Unit 1

Resource Mechanisms: Stores of Value

by Juan | Aug 24, 2022
2 min read 263 words
Table of Contents

Chapter 1 explained the origin of nominal price as the need to have a common medium and measure of exchangeable value.

In order to facilitate exchanges of goods and services from common economic interest, humans need a tool.

Commodities as Store of Value

Historically, the tools for exchange have been commodities:

Homer says that the armour of Diomede cost only 9 oxen, and that of Glaucus cost 100 oxen. The following were the common instrument of commerce:

  • salt in Abyssinia
  • shells in some parts of the coast of India
  • dried cod at Newfoundland- tobacco in Virginia
  • sugar in some of our West India colonies

I am told that to this day, workers in a village in Scotland can carry nails instead of money to the baker’s shop or the ale-house.

Adam Smith

Adam Smith

Wealth of Nations, Book 1, Chapter 4

These were exchanged based on volume or weight:

The following people trade by exchange:

  • savages who have few merchandise
  • civilized nations who have only two or three species.

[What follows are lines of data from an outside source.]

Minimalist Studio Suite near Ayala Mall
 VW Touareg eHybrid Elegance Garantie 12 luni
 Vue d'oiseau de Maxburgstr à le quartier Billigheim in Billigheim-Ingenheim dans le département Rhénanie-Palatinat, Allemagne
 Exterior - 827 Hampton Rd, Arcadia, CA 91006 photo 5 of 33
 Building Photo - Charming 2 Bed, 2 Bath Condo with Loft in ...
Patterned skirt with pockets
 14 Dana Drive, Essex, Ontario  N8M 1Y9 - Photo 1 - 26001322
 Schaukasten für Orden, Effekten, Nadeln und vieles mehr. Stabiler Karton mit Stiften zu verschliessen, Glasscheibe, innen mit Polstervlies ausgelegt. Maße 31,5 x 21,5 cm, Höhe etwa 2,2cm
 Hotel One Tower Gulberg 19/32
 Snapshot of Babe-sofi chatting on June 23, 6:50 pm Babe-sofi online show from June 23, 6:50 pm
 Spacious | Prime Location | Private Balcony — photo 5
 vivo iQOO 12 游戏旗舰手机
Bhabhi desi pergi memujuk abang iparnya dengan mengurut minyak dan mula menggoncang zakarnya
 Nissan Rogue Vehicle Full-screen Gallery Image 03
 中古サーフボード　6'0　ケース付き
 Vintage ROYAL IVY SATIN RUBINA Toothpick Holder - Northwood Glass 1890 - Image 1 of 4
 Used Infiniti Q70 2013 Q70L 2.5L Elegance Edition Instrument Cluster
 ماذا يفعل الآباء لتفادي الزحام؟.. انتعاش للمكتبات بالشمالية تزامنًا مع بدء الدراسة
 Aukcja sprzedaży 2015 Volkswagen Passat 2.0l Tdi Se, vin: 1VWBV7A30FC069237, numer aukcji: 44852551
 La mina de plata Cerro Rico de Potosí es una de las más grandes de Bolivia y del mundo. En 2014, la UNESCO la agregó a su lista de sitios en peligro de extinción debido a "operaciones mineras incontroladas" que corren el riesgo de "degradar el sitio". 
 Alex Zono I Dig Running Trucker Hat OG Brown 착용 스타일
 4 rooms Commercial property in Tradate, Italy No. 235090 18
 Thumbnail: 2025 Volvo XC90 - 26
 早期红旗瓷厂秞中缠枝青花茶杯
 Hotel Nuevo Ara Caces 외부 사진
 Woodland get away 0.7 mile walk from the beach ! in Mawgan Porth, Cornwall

The caravans of Moors who go to Timbuktu, in the heart of Africa, do not need money. They exchange their salt for gold. The Moor puts his salt in a heap. The Negro puts his gold dust in another. If there is not gold enough, the Moor takes away some of his salt, or the Negro adds more gold, until both parties are agreed..

Montesquieu

Montesquieu

Spirit of the Laws, Book 22, Chapter 1

Basing value on weight is really basing it on its material density, since denser bodies are heavier. This is really a quantitative way.